Detect pid reuse

Thu Jul 9 12:35:41 CEST 2020

Hi Dinislam,

How many processes are you spawning per second?
We (in our biggest production cluster) are spawning more than 10000
processes per second with very variable lifetime (from milliseconds to
hours) on the system running for more than a year and never faced a
problem with PID reuse (our logic also depends on PID uniqueness).
Erlang is trying quite hard to make PID unique (there is a very small
probability to hit PID reuse) - isn't it possible, that there is a
problem somewhere else?

If you need more uniqueness you can use e.g. "erlang:make_ref/1" (same
thing is used by "gen:call" to connect requests with responses) as
your suggested token - I am not aware about any other workaround.
You can also try experimenting with the size of the Erlang process
table- it can affect the probability of PID reuse.

Jan Chochol

On Thu, Jul 9, 2020 at 11:03 AM Dinislam Salikhov
<Dinislam.Salikhov@REDACTED> wrote:
>
> Unfortunately, registering a process with a name doesn't help much. It reduces a time window where the race may occur though.
> For instance, when gen_server:call/3 is invoked, the library code calls whereis(Name) to get the pid and then sends it a message {'$gen_call,...}. So between erlang:whereis/1 and erlang:send/2, the pid may be reused (actually, it is between erlang:whereis/1 and erlang:monitor/2 followed by erlang:send/2, so we will monitor the wrong process).
> See lib/stdlib/src/gen.erl which is used by lib/stdlib/src/gen_server.erl
>
> > If you have multiple connections to any given db (a pool of pools, if
> you will), using a process group module like pg makes this easy.
>
> Never used it before.
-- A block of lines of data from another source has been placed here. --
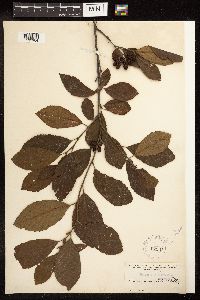 Alnus serrulata image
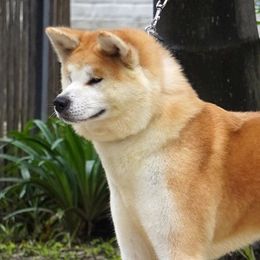 Suzuka - Japanese Akitainu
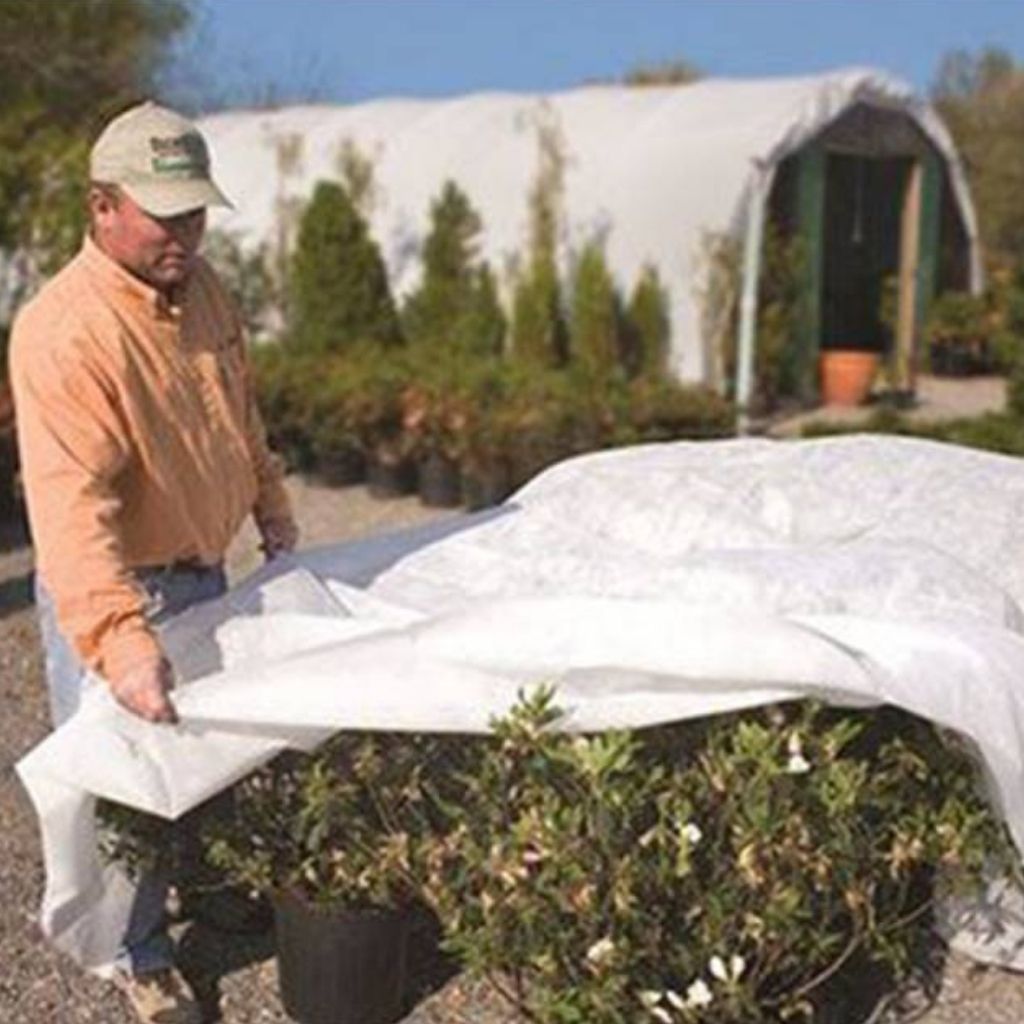 Dewitt's Ultimate Thermal Blanket - (2.5 OZ) Crop Protection & Over-Winterized Fabric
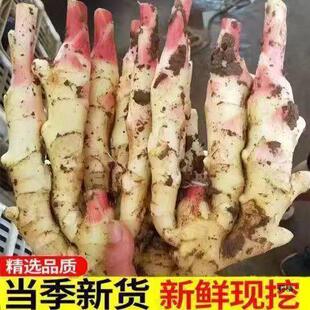 �F�������tѿ�r���۽��н��r���Ǵ��ݽ��������������r�۽�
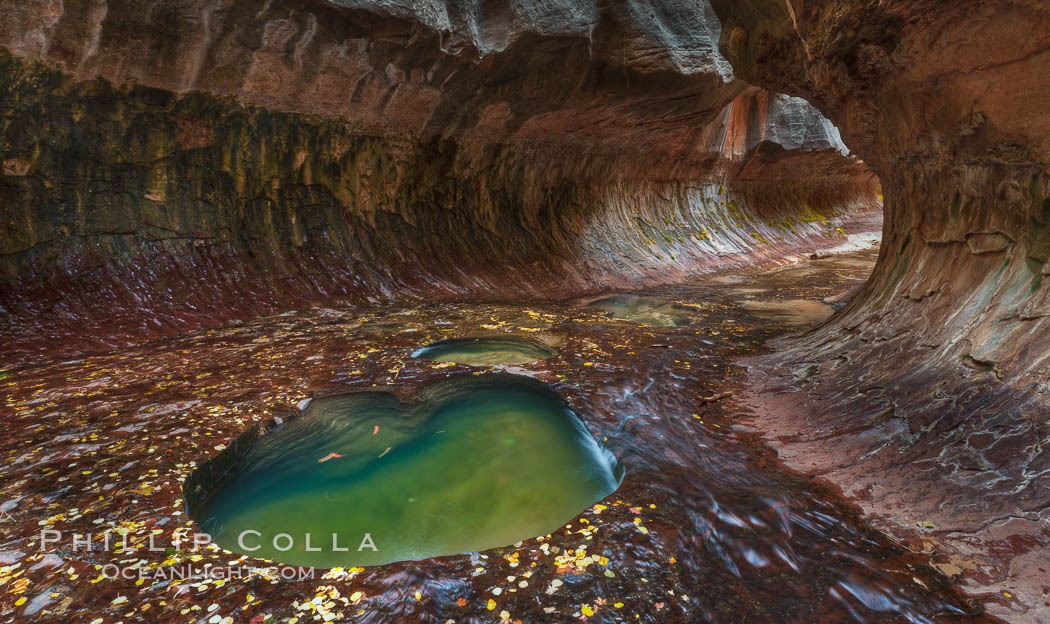 The Subway, a iconic eroded sandstone formation in Zion National Park. Utah, USA, natural history stock photograph, photo id 26093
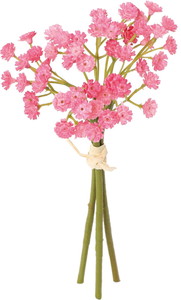 クレールカスミバンドル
I'll have a look. Thanks for the reference.
>
> Dinislam Salikhov
> ________________________________________
> From: Aaron Seigo <aseigo@REDACTED>
> Sent: Thursday, July 9, 2020 10:26 AM
> To: Dinislam Salikhov
> Cc: erlang-questions@REDACTED
> Subject: Re: Detect pid reuse
>
> On 2020-07-06 14:09, Dinislam Salikhov wrote:
> > If I want to send a command to the database, I search for the pid of
> > the corresponding connection (in supervisor's children list). And
>
> Perhaps register the processes with a name so that instead of searching
> for a literal pid, which may indeed change and requires more bookkeeping
> in your application code, you lookup the relevant connect by a name in a
> process registry. Should the old connection go away, the new one takes
> over the same name.
>
> If you have multiple connections to any given db (a pool of pools, if
> you will), using a process group module like pg makes this easy.
>
> Even then, you'll obviously need to handle the failure case of the
> process exiting between the message being sent and the response being
> received, but at least the lookup will be consistent.
>
> --
> Aaron Seigo